Bird Voice Recognition using Deep Learning
Introduction
This project aims to develop a deep learning–based audio classification system capable of identifying bird species through their vocalizations. In the absence of bird calls, the system classifies the input as background noise, which was explicitly included in the training dataset to improve robustness. The project was carried out in the following phases:
- Data Collection and Preprocessing: Acquired and augmented bird call and background noise datasets, followed by feature extraction using MFCC.
- Model Development: Designed and trained a lightweight Convolutional Neural Network (CNN) optimized for embedded deployment.
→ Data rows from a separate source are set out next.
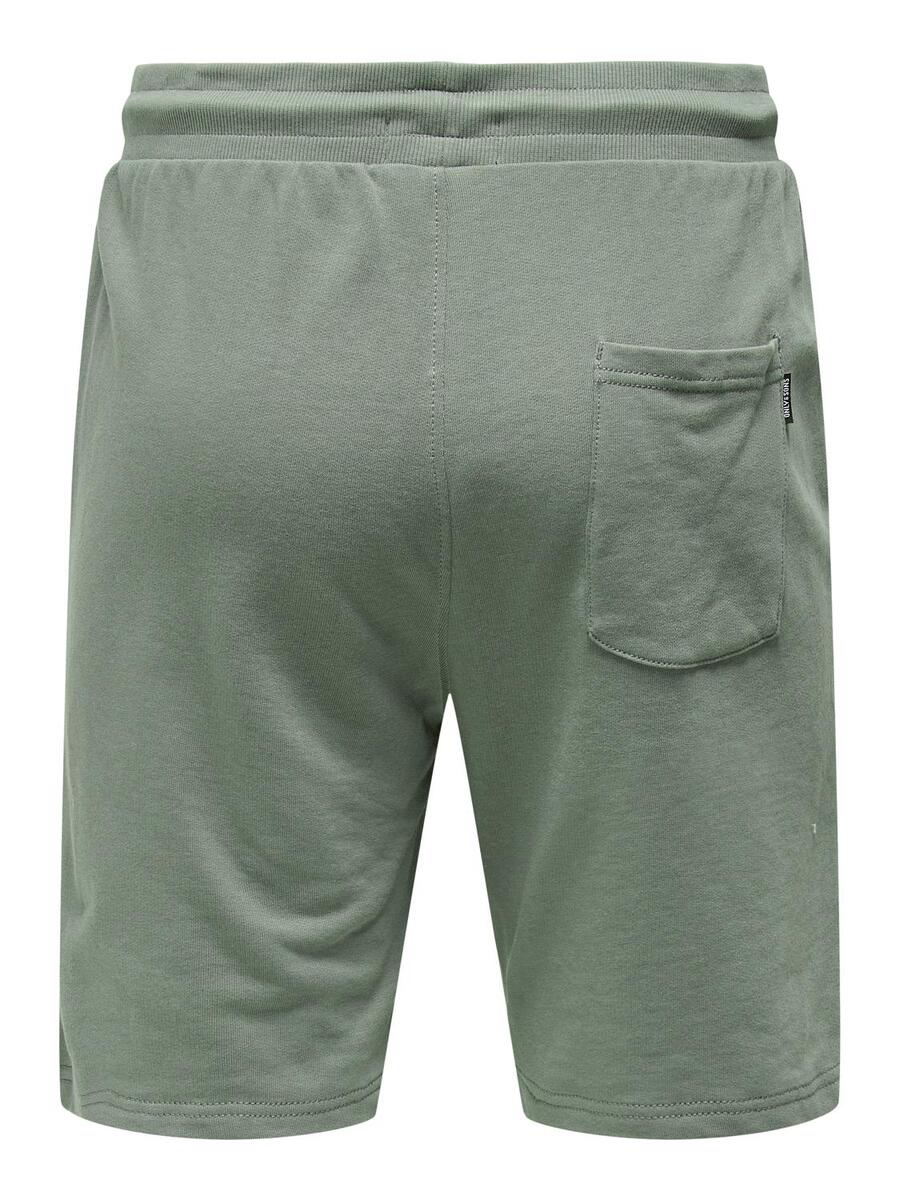 Short van het merk Only & Sons in het Groen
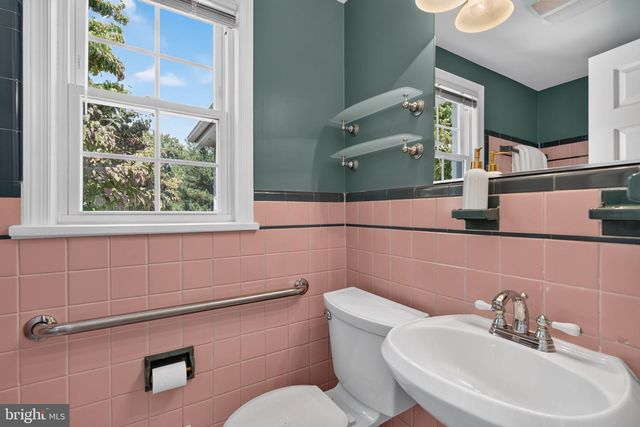 5117 WILLIAMSBURG BLVD, Arlington, VA 22207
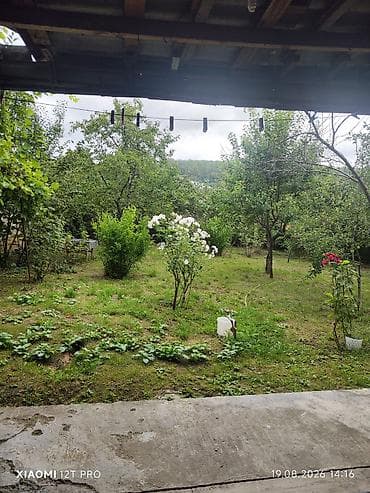 heyet evler: Qusar şəhərində, Xıdır restoranı ilə üzbəüz yerləşən iki mərtəbəli ev — 3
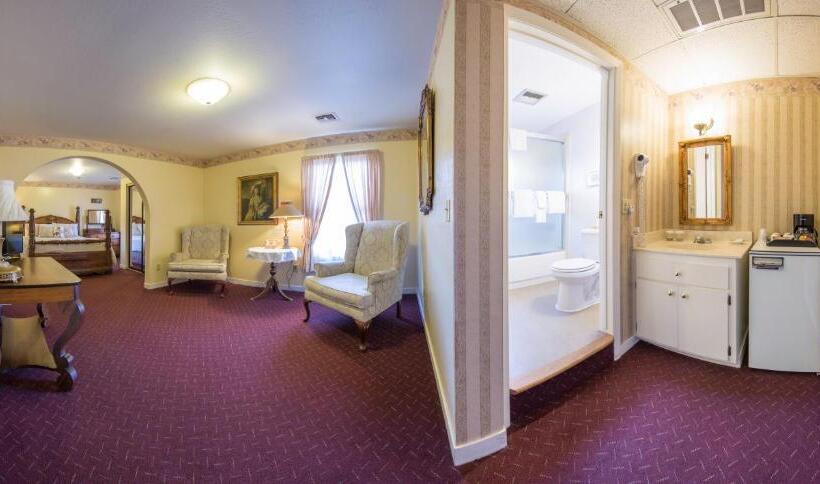 Номер Deluxe, Historic Cary House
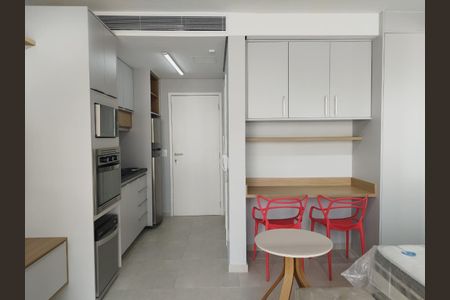 Apartamento para alugar com 38m², 1 quarto e sem vagaFoto 04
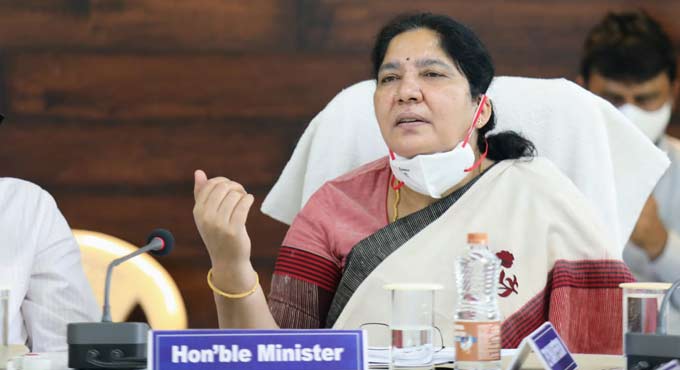 Eatala resigned to protect self, not out of self-respect: Satyavathi Rathod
- Edge Deployment: Deployed the trained model on the Arduino Nano 33 BLE Sense microcontroller, enabling real-time, offline inference without internet dependency.
- Web Interface Integration: Designed a web-based interface to remotely monitor classification results using Wi-Fi-enabled communication.
Accurate identification of bird species through their vocalizations is vital for ecological monitoring, biodiversity assessment, and conservation research. Traditionally, this process relies on manual listening and annotation, which is time-consuming, error-prone, and infeasible at scale—especially in remote or resource-limited environments.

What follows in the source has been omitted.